Dienstag, 31. März 2026

AKDBE-Government-Nutzung steigt weiter

[13.02.2023] Der IT-Dienstleister AKDB erwartet steigende Nutzungszahlen bei E-Government-Services im Jahr 2023. Damit setzt sich die Vorjahresentwicklung fort. Wesentlicher Grund sei die gesteigerte Servicequalität aus Nutzersicht.

Die Anstalt für Kommunale Datenverarbeitung in Bayern (AKDB) prognostiziert für 2023 noch höhere Nutzungszahlen bei E-Government-Diensten in Bayern.
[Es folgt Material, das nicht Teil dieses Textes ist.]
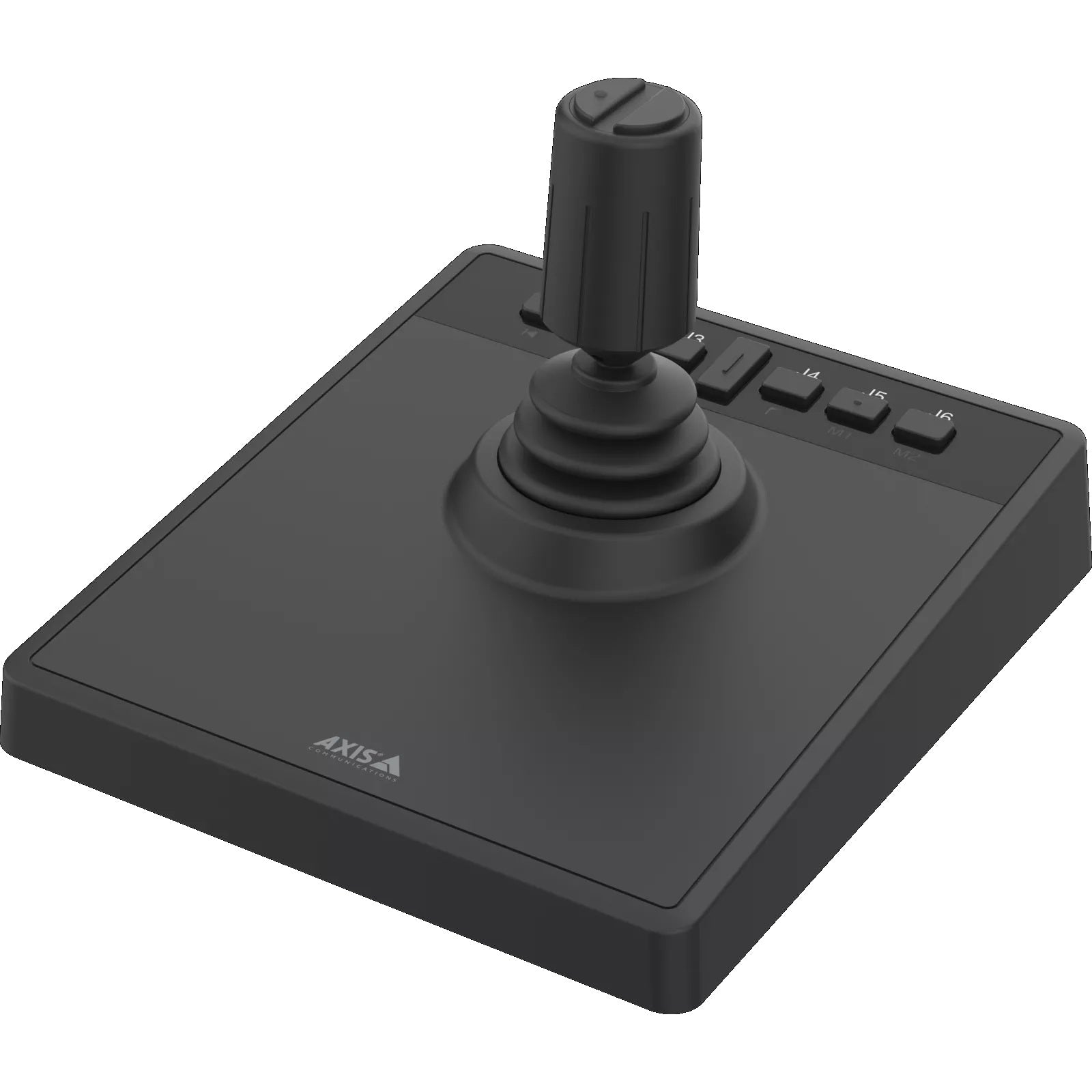 AXIS TU9002 PTZ joystick controller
Gründe für den erwarteten Zuwachs seien eine neue Generation von Online-Services, die volldigitale medienbruchfreie Verwaltungsprozesse erlauben, die Kompatibilität der eigenen Fachverfahren mit Fremd-Software und die finanzielle Förderung der Kommunen durch den Freistaat.
Im Jahr 2022 hatten bayerische Bürgerinnen und Bürger nach Angaben des bayerischen IT-Dienstleisters rund 1,6 Millionen Transaktionen über dessen Bürgerservice-Portale abgewickelt – neun Prozent mehr als im entsprechenden Vorjahreszeitraum. Die am häufigsten genutzten Dienste seien der Antrag auf Wunschkennzeichen, die Online-Wasserzählerablesung und die Statusabfrage von Dokumenten aus dem Einwohnermeldewesen.

Auch EfA-Dienste kommen gut an

Die gestiegenen Nutzungszahlen decken sich nach Angaben der AKDB mit dem wachsenden Angebot an E-Government-Services, wie etwa Web-Formularen oder Online-Fachdiensten. Allein im Jahr 2022 hätten bayerische Kommunen Web-Dienste im vierstelligen Bereich von der AKDB bezogen. Auch die Verbreitung der nachnutzbaren Online-Fachdienste, welche die AKDB im Auftrag anderer Bundesländer nach dem Einer-für-Alle-Prinzip entwickelt, bekomme eine hohe Dynamik. Allein die für das Land Brandenburg realisierten Online-Dienste aus dem OZG-Themenbereich Aufenthaltstitel seien bis Ende vergangenen Jahres in mehr als 200 Behörden aus 14 Bundesländern nachgenutzt worden. Auf ihre Website hat die AKDB ein Dashboard eingebettet, das Angebot und Nutzung digitaler Verwaltungsservices monatsaktuell dokumentiert.

Next Generation E-Government: Dienste ohne Portal

Damit E-Government-Services tatsächlich genutzt werden, müssten diese intuitiv bedienbar sein und benötigten digitale Ende-zu-Ende-Prozesse sowie Schnittstellen zu den Fachverfahren, so der AKDB-Vorstandsvorsitzende Rudolf Schleyer. An diesen drei Stellschrauben wolle die AKDB auch 2023 drehen. Dabei vertraue der IT-Dienstleister auf eine neue Generation von E-Government-Diensten, die in jede Website integrierbar seien – also kein Portal benötigten. Sie verwenden die Open-Source- und Webcomponents-Technologie und haben Schnittstellen zum Großteil aller gängigen Fachverfahren, die in Kommunalverwaltungen eingesetzt werden. Dazu gehören viel genutzte Online-Dienste wie der Antrag auf Führerscheinumtausch oder der Antrag auf Meldebescheinigung. Diese und weitere Dienste werden in Bayern vom Freistaat gefördert und den Kommunen mindestens für 2023 kostenlos im Rahmen der BayernPackages (wir berichteten) zur Verfügung gestellt.